What to do -
For this exercise, retype each line of the material below verbatim and omit any picture.

====== Information provided ======

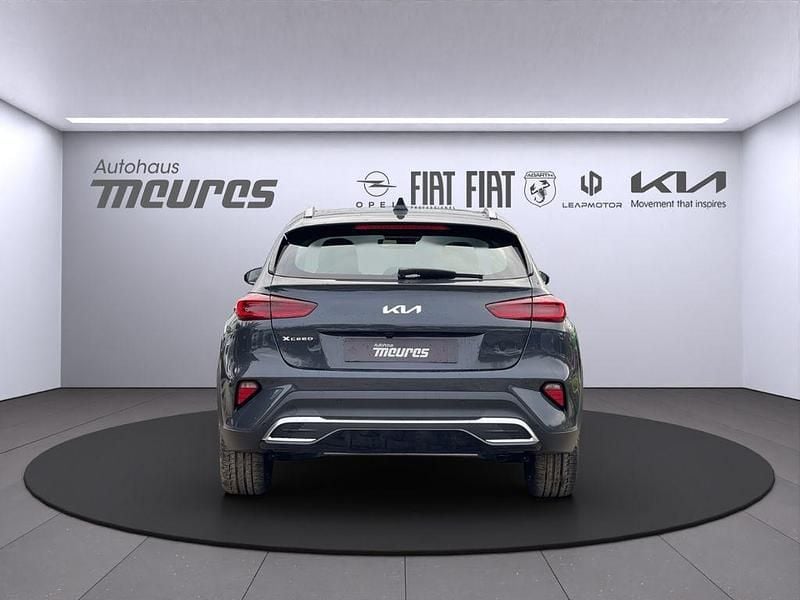 Neu Kia XCeed Vision 150 PS (110 kW) 2026 Grau SUV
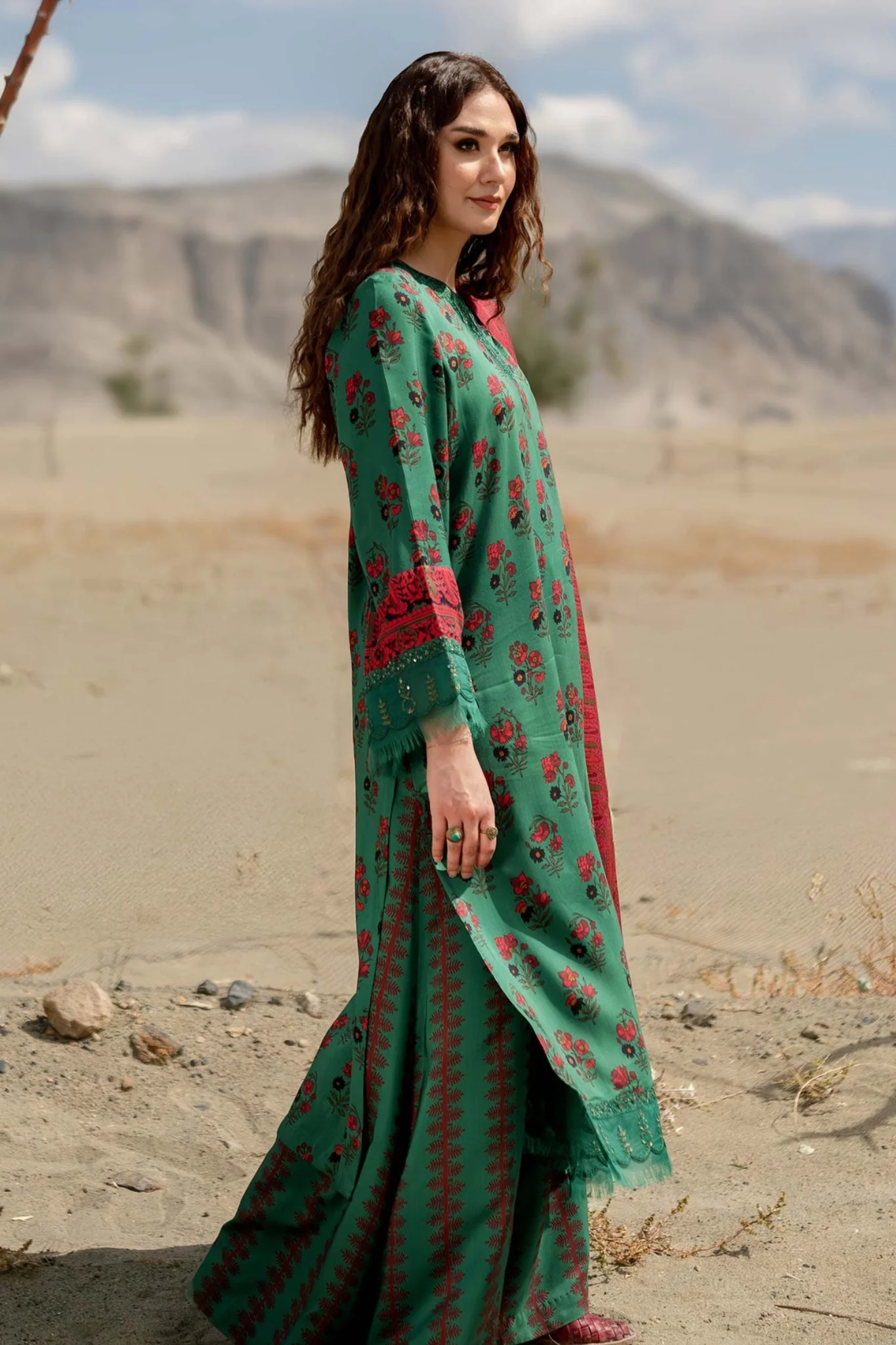 M Basics By Maria B Unstitched 3 Piece Winter Edit Suit-02-B - Image 3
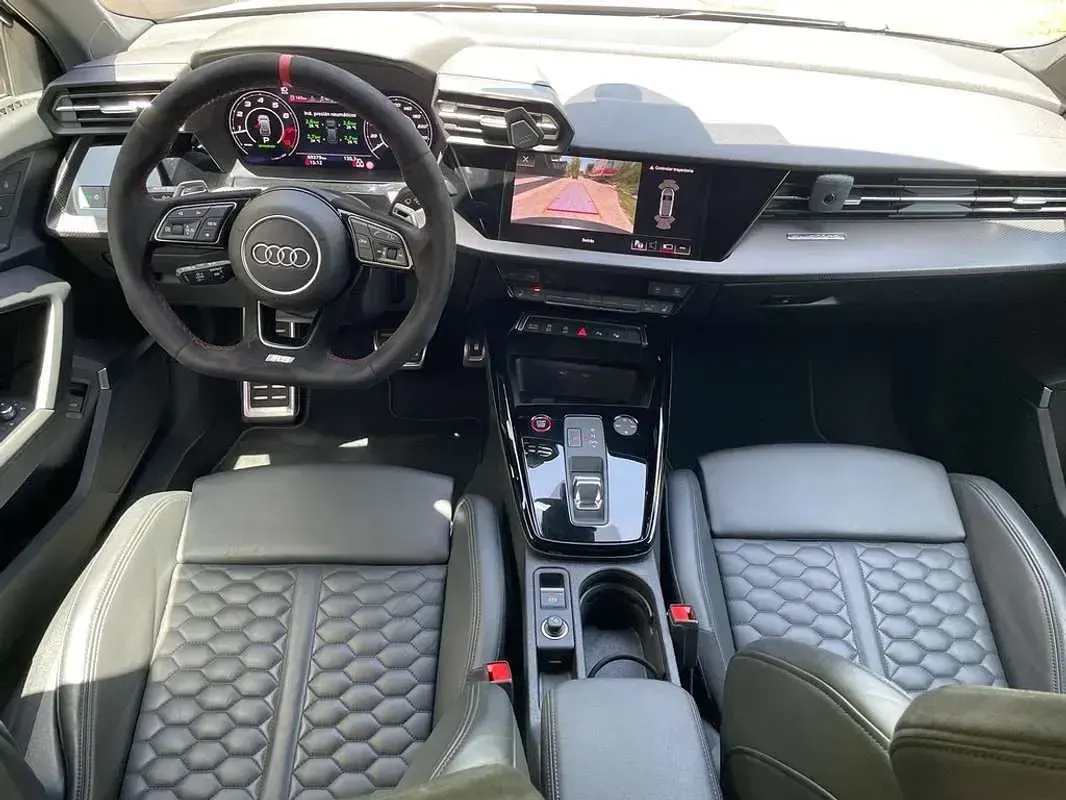 Usado Audi RS3 Sportback 400 CV (294 kW) 2022 Gris Utilitario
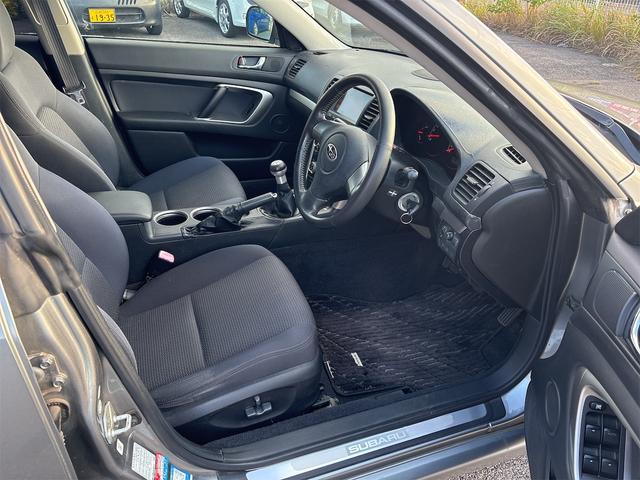 レガシィツーリングワゴン 2.0R Bスポーツ 5Fミッション 後期モデル アプライドモデルD型 ノーマル車両 ETC HID ABS SRS(10枚目)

======

Finished exercise -
 Neu Kia XCeed Vision 150 PS (110 kW) 2026 Grau SUV
 M Basics By Maria B Unstitched 3 Piece Winter Edit Suit-02-B - Image 3
 Usado Audi RS3 Sportback 400 CV (294 kW) 2022 Gris Utilitario
 レガシィツーリングワゴン 2.0R Bスポーツ 5Fミッション 後期モデル アプライドモデルD型 ノーマル車両 ETC HID ABS SRS(10枚目)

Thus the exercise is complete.